Bahçeli, Türkiye'nin içinde bulunduğu jeopolitik risklere ve tehditlere karşı Türk milletinin birliğinin önemine vurgu yaptı. Ortak geleceğe dair inancın zayıflamasının ulusal felaketlere yol açabileceği uyarısında bulunan Bahçeli, milletin bu tehlikelere karşı direniş göstermesi gerektiğini belirtti. İç cephemizin sarsılmasına, milli birlik ve beraberliğin hedef alınmasına asla izin verilmeyeceğini dile getirdi.

Uluslararası meselelere de değinen Bahçeli, dünyanın küresel huzur ve güven açıklarıyla mücadele ettiğini, adalet ve hakkaniyetin sözünü eden çok olsa da, riayet edenin azaldığını söyledi.
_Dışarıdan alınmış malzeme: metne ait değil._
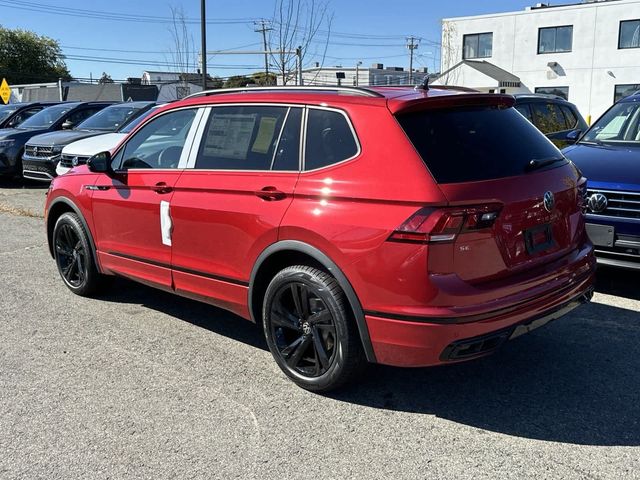 2024 Volkswagen Tiguan SE R-Line Black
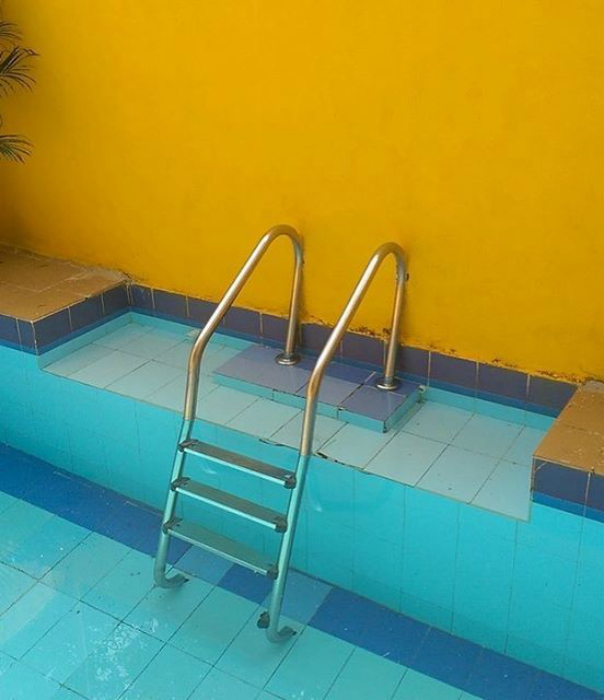 Лестница для бассейн.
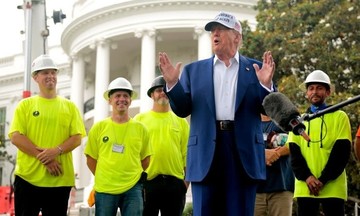 Ông Trump đùa về người nhập cư trong lễ dựng cờ ở Nhà Trắng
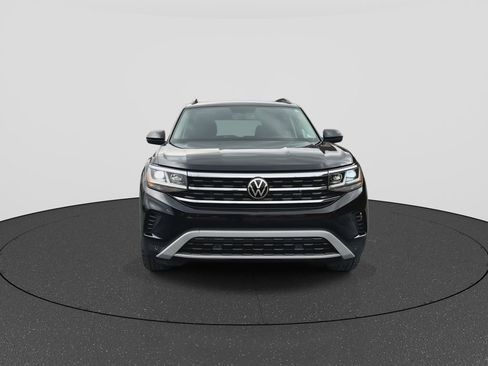 Used 2023 Volkswagen Atlas SE w/ Panoramic Sunroof Package image 3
Adalet, insan hakları ve insanlık onurunun ayaklar altına alındığını belirterek bu kahredici salgının ülkemizi tesir altına almasına karşı uyarıda bulundu. Türkiye'nin dünya ile birlikte bu sorunlara karşı çözüm arayışında olması gerektiğini ve bu bağlamda İslam ülkelerinin de daha etkin ve sesini yükselten bir tavır alması gerektiğini ifade etti.
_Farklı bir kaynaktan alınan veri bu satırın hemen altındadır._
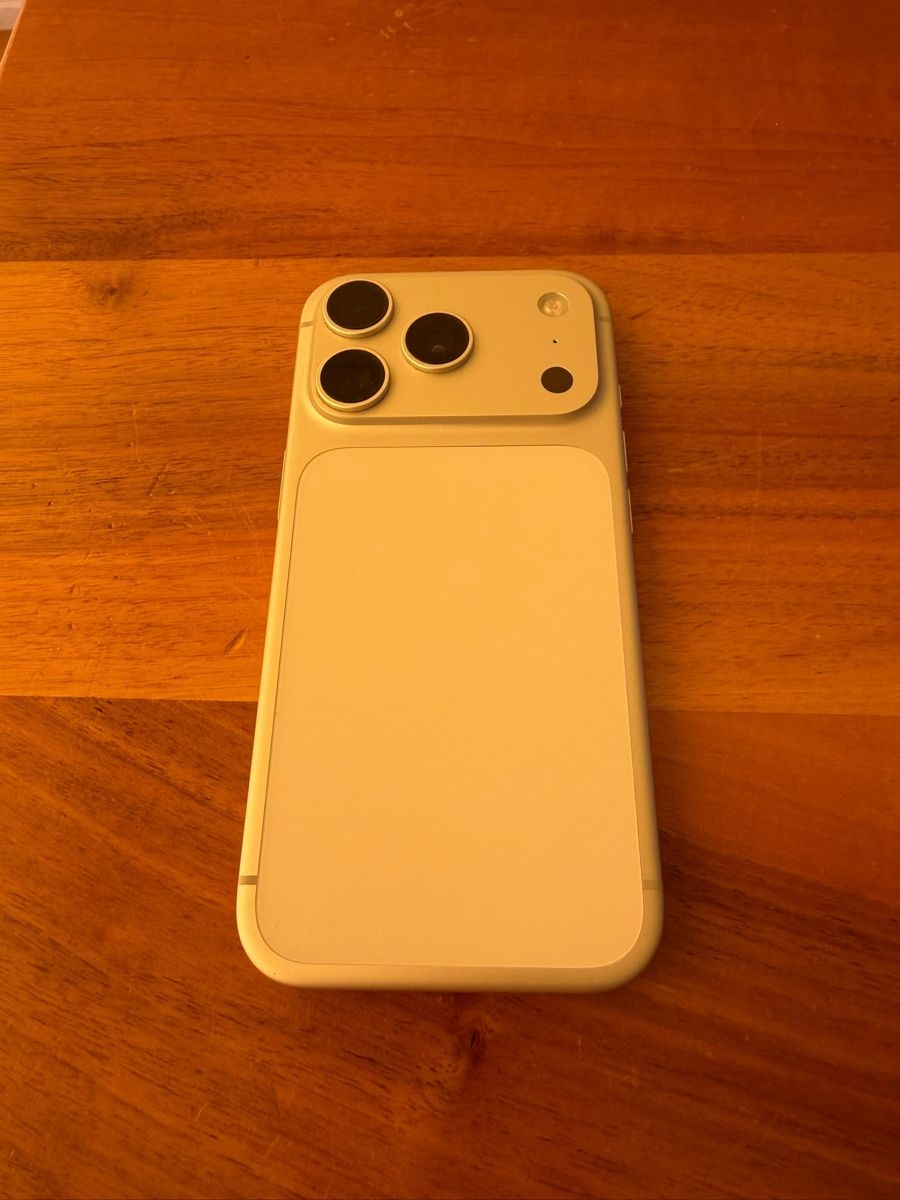 Apple Handys / Smartphones: Iphone 17 PRO – Gebraucht aus Niederwangen BE von RealAlpina 1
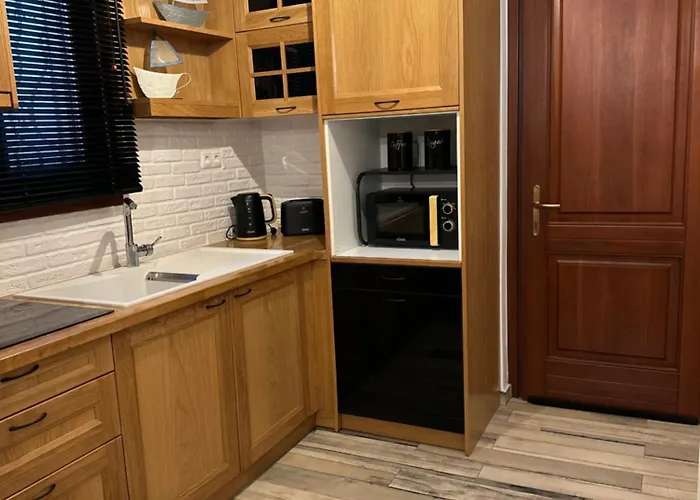 Spiti * העיירה סקיאתוס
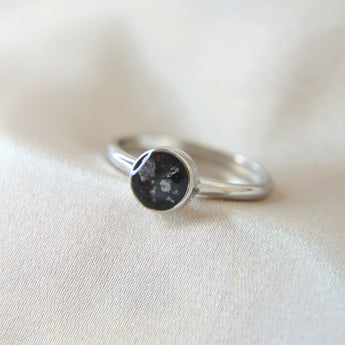Black shimmer, lightly sprinkled ashes, black opal ( red reflections)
Türk milletinin her bir ferdinin milli ve manevi değerlere bağlılık içinde, birbirine sımsıkı sarılması gerektiğini vurgulayan Bahçeli, milli birliğin korunmasının önemine dikkat çekti. Sadece cenaze ve düğünlerde değil, hayatın her alanında bir araya gelerek güncel tehlikelere karşı durulmasının zaruretini vurguladı.

Bölgesel ve küresel tehdit dalgalarının zaman zaman hasara sebep olduğuna işaret eden Bahçeli, bu bağlamda toplumun öz değerlerine dönmesi ve milli birlik ve kardeşliğini koruması gerektiğini söyledi. İdeolojik kamplaşmaların ve siyasi düşüncelerin ortak bir gelecek inşasına hizmet edemeyeceğini belirtti. Ayrıca, Türkiye’nin karşı karşıya olduğu tehditlere karşı milli bir direniş göstermesi gerektiğinin altını çizdi.
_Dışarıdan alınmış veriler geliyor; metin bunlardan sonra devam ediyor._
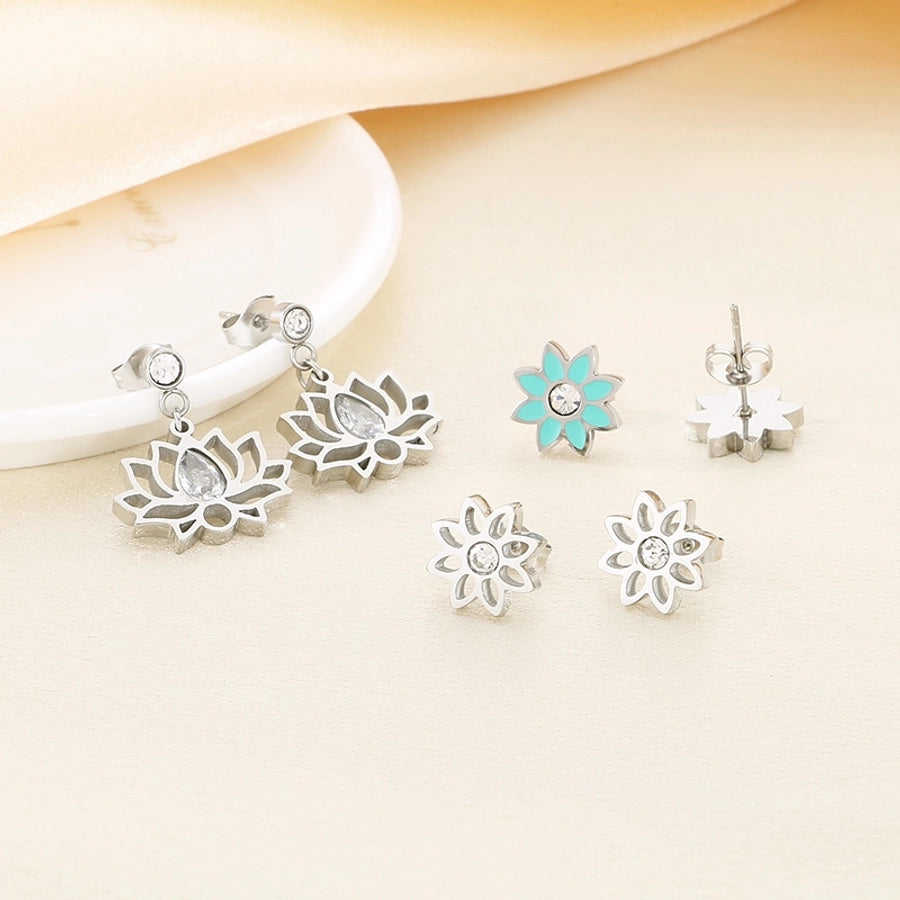 1 Pair Vintage Style Flower Hollow Out Inlay 304 Stainless Steel Zircon 18K Gold Plated Ear Studs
Uluslararası düzenin adaletsizliğine de dikkat çeken Bahçeli, Birleşmiş Milletler Güvenlik Konseyi’nin ve uluslararası sistemin günümüz ihtiyaçlarını karşılayamadığını, reforme edilmesinin şart olduğunu ifade etti. Savaşların, zulmün ve gelir eşitsizliklerinin arttığı bir dünyada bu yapıların artık sürdürülemez olduğunu belirtti. Gazze'de yaşanan trajediye sessiz kalan uluslararası toplumu eleştiren Bahçeli, Türkiye'nin mazlumların sesi olduğunu ifade etti. Türkiye’nin Birleşmiş Milletler'de temsil ettiği hakkaniyetli duruşun ve Cumhurbaşkanı Erdoğan’ın bu konudaki etkili konuşmasının dünya çapında duyulmasının önemine vurgu yaptı.

Türkiye'nin kendi güvenliği ve milli çıkarlarını koruması gerektiğini belirten Bahçeli, bu kapsamda Türk milletinin birliği, dirliği ve huzurunun korunması gerektiğini ifade etti. Farklı düşüncelere ve fikirlere sahip olmanın normal olduğunu, ancak temel milli ve manevi değerler üzerinde birleşilmesi gerektiğini vurguladı.

Kıbrıs meselesi ve İsrail-Filistin sorunu gibi önemli dış politika meselelerine de değinen Bahçeli, 1967 sınırları temelinde başkenti Doğu Kudüs olan, bağımsız, egemen ve coğrafi bütünlüğe sahip bir Filistin devletinin hayat bulması gerektiğini, bunun bölge ve dünya barışı için kilit önemde olduğunu belirtti. Kıbrıs meselesinde ise Türkiye'nin kararlı duruşunun süreceğini ifade etti.

Konuşmasında, Türkiye'nin sosyal medya suikastlarına ve sahte gündemlere boyun eğmeyeceğini vurgulayan Bahçeli, Milliyetçi Hareket Partisi'nin ve Cumhur İttifakı'nın verdiği sözleri birer birer tutacağını ifade etti. Türkiye'nin geleceğini inşa etmek için birlik ve beraberlik içinde çalışmanın önemini vurgulayarak konuşmasını sonlandırdı.